- **What the task requires**:
The entries below contain pictures, which are to be left out; write out exactly, and only, the lines from the line with "Plester Khusus Penambal" up to and including the line with "Dakota Ornament featuring".

[Opening Source material section]

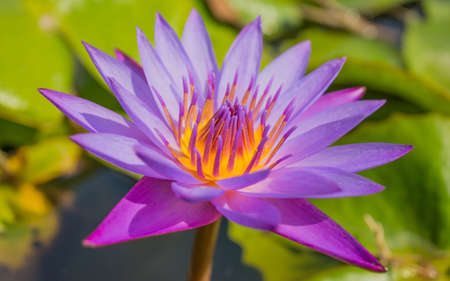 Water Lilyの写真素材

[Closing Source material section]
[Opening Source material section]

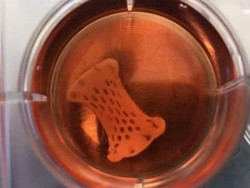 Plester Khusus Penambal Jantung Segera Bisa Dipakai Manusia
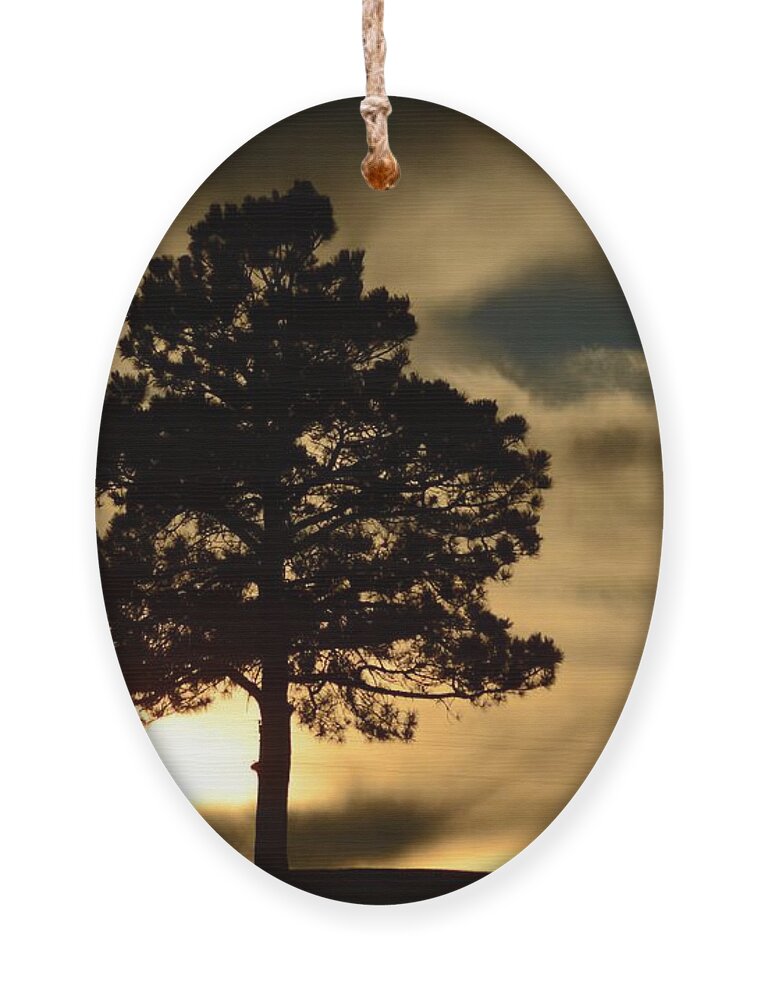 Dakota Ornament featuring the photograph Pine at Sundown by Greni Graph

[Closing Source material section]

- **Solution to this task**:
 Plester Khusus Penambal Jantung Segera Bisa Dipakai Manusia
 Dakota Ornament featuring the photograph Pine at Sundown by Greni Graph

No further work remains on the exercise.